기능성과 구조적 안정성을 평가하는 두 가지 지표를 설계하여 최적화에 활용:
1. 구조적 안정성(Structural Stability):
  - 단백질의 접힘 안정성을 평가하기 위해 Rosetta Energy Score를 사용하며, 더 낮은 에너지 값일수록 안정적인 구조임.
2. 기능적 유사성(Functional Similarity):
  - 사전 학습된 단백질 구조 인코더(ProteinMPNN)를 이용하여 서열의 기능적 유사성을 평가함.
다중 리스트 방식의 선호 최적화(Multi-Listwise Preference Optimization)
- 평가 지표(기능성과 구조적 안정성)를 기반으로 샘플을 순위화하여 학습 데이터를 구성.
- 더 높은 품질의 서열을 선호하는 방식으로 학습을 진행, 모델이 낮은 품질의 단백질 서열을 생성하지 않도록 함.
- 정규화 항(Regularization Term)을 추가하여, 모델이 고품질 서열과 저품질 서열의 차이를 명확하게 인식하도록 유도.

3. 학습 데이터 (Training Data)

(1) 단백질 데이터셋 구축

UniProtKB 데이터베이스에서 특정 Gene Ontology (GO) 속성을 가진 단백질 서열을 추출하여 학습 데이터로 사용.
AlphaFold 단백질 구조 데이터베이스에서 해당 서열의 3D 구조 정보를 수집하여 기능성과 구조적 안정성 평가에 활용.
6가지 속성의 단백질 서열을 학습에 사용:
1. Molecular Function (MFO): 금속 이온 결합(Metal Ion Binding), RNA 결합(RNA Binding)
2. Biological Process (BPO): 인산화(Phosphorylation), 번역(Translation)
3. Cellular Component (CCO): 세포질(Cytoplasm), 핵(Nucleus)

(2) 데이터 구성

속성별 10,000개 단백질 서열을 학습에 사용.
평가 데이터셋: 100,000개 단백질 서열을 별도로 구축하여 모델의 성능을 검증.
구조적 유사성 평가를 위한 데이터베이스 생성: Foldseek을 사용하여 평가 데이터를 정리.

4. 모델 학습 및 평가 설정

Prefix-Tuning 설정
- 모델: ProtGPT2
- 배치 크기: 16
- 학습률: 1e-4
- 프리픽스 토큰 수: 100
선호 최적화(Preference Optimization) 설정
- 속성당 5,000개 데이터 쌍 사용
- 학습률: 5e-5
- 하이퍼파라미터:
  - β = 0.1
  - α = 0.05
구조 예측 및 평가
- ProteinMPNN을 구조 인코더로 사용
- ESMFold를 이용하여 예측된 단백질 구조 평가
- Rosetta Energy Score를 계산하여 구조적 안정성 확인

1. Overview of the Model
This study introduces CtrlProt, a novel protein sequence generation model designed to produce proteins with controllable attributes. The model fine-tunes a pre-trained protein large language model (LLM) and applies multi-listwise preference optimization to improve both functionality and structural stability of the generated sequences.

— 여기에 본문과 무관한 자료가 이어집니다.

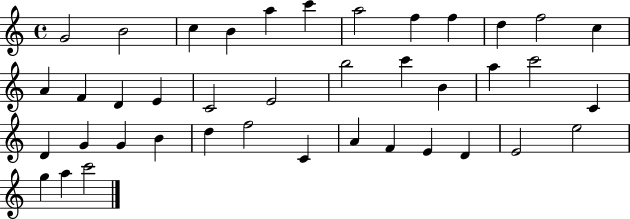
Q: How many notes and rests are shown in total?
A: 40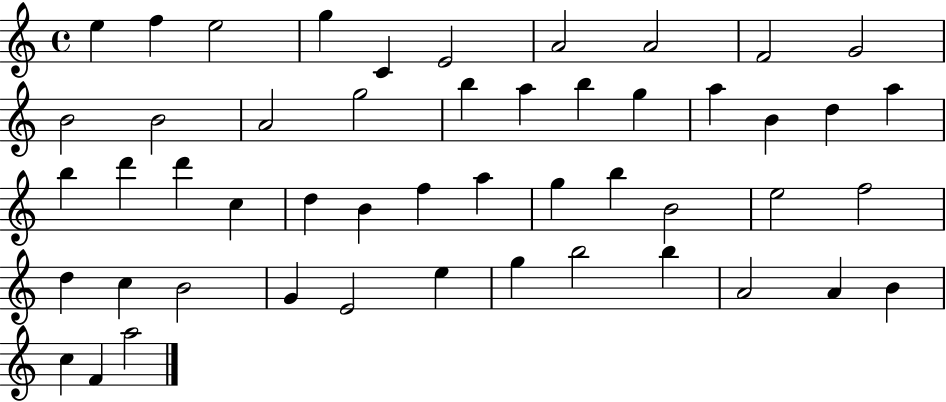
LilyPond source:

{
  \clef treble
  \time 4/4
  \defaultTimeSignature
  \key c \major
  e''4 f''4 e''2 | g''4 c'4 e'2 | a'2 a'2 | f'2 g'2 | \break b'2 b'2 | a'2 g''2 | b''4 a''4 b''4 g''4 | a''4 b'4 d''4 a''4 | \break b''4 d'''4 d'''4 c''4 | d''4 b'4 f''4 a''4 | g''4 b''4 b'2 | e''2 f''2 | \break d''4 c''4 b'2 | g'4 e'2 e''4 | g''4 b''2 b''4 | a'2 a'4 b'4 | \break c''4 f'4 a''2 | \bar "|."
}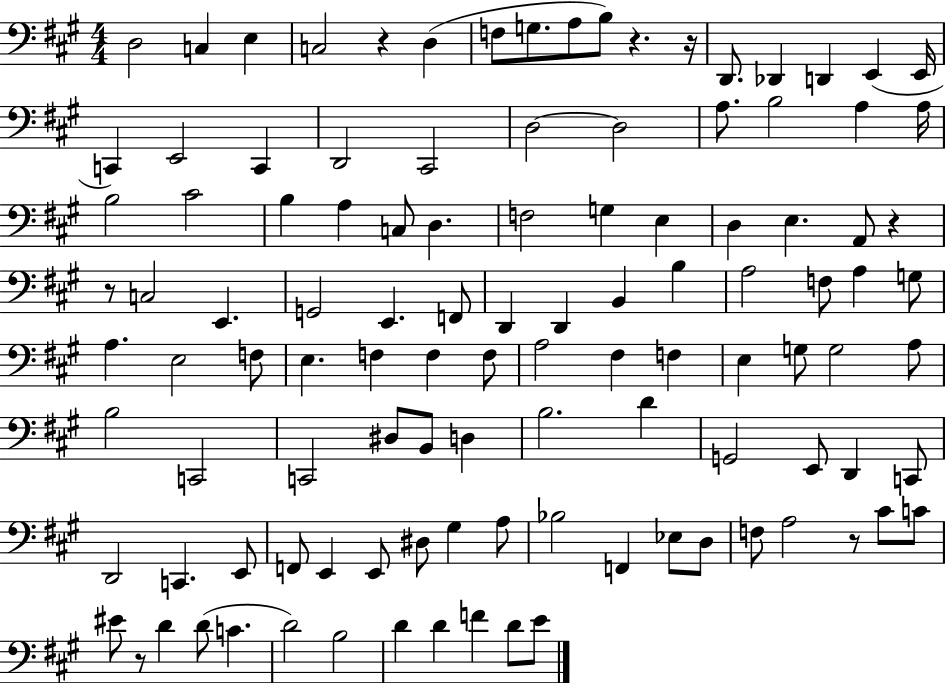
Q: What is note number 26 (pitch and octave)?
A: B3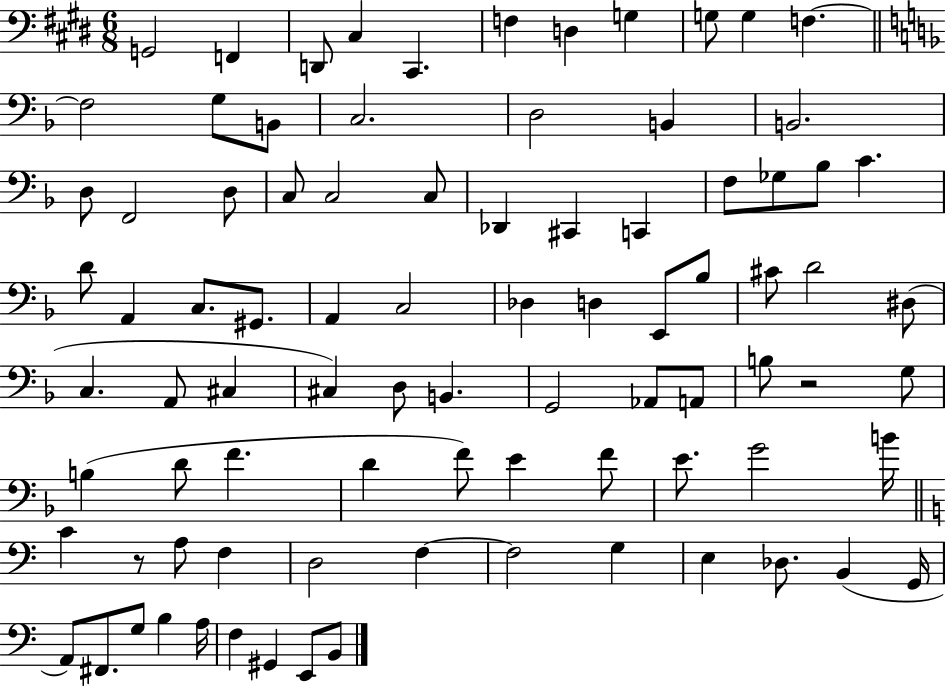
{
  \clef bass
  \numericTimeSignature
  \time 6/8
  \key e \major
  g,2 f,4 | d,8 cis4 cis,4. | f4 d4 g4 | g8 g4 f4.~~ | \break \bar "||" \break \key f \major f2 g8 b,8 | c2. | d2 b,4 | b,2. | \break d8 f,2 d8 | c8 c2 c8 | des,4 cis,4 c,4 | f8 ges8 bes8 c'4. | \break d'8 a,4 c8. gis,8. | a,4 c2 | des4 d4 e,8 bes8 | cis'8 d'2 dis8( | \break c4. a,8 cis4 | cis4) d8 b,4. | g,2 aes,8 a,8 | b8 r2 g8 | \break b4( d'8 f'4. | d'4 f'8) e'4 f'8 | e'8. g'2 b'16 | \bar "||" \break \key a \minor c'4 r8 a8 f4 | d2 f4~~ | f2 g4 | e4 des8. b,4( g,16 | \break a,8) fis,8. g8 b4 a16 | f4 gis,4 e,8 b,8 | \bar "|."
}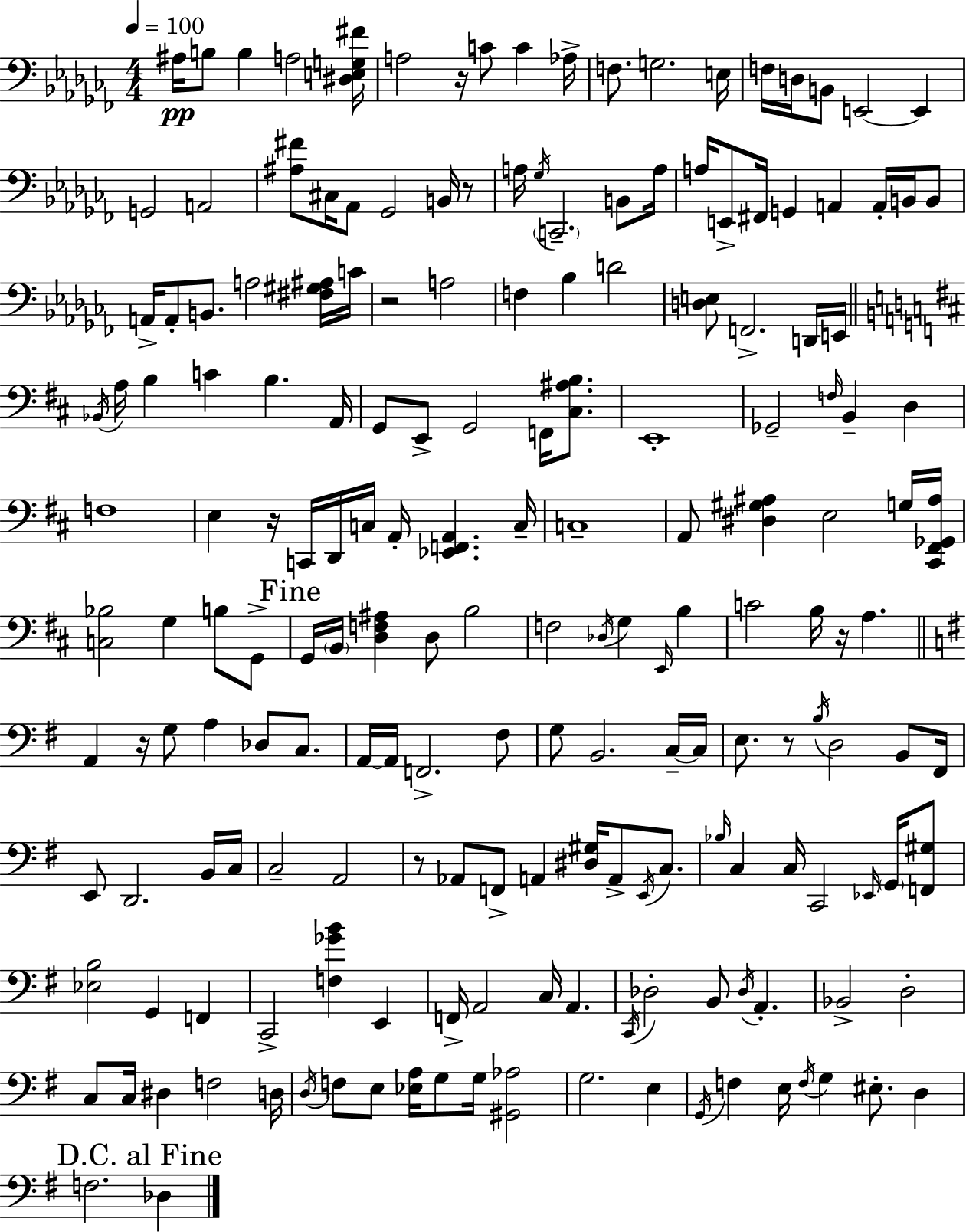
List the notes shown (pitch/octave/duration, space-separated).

2. Model Architecture and Training Process

(1) Fine-tuning a Pre-trained Protein LLM

The model learns from protein sequences associated with specific attributes (e.g., metal ion binding, phosphorylation, cellular localization).
Uses prefix-tuning to apply attribute-specific prefixes, enabling targeted protein sequence generation.
Optimized using negative log-likelihood (NLL) loss to enhance sequence relevance.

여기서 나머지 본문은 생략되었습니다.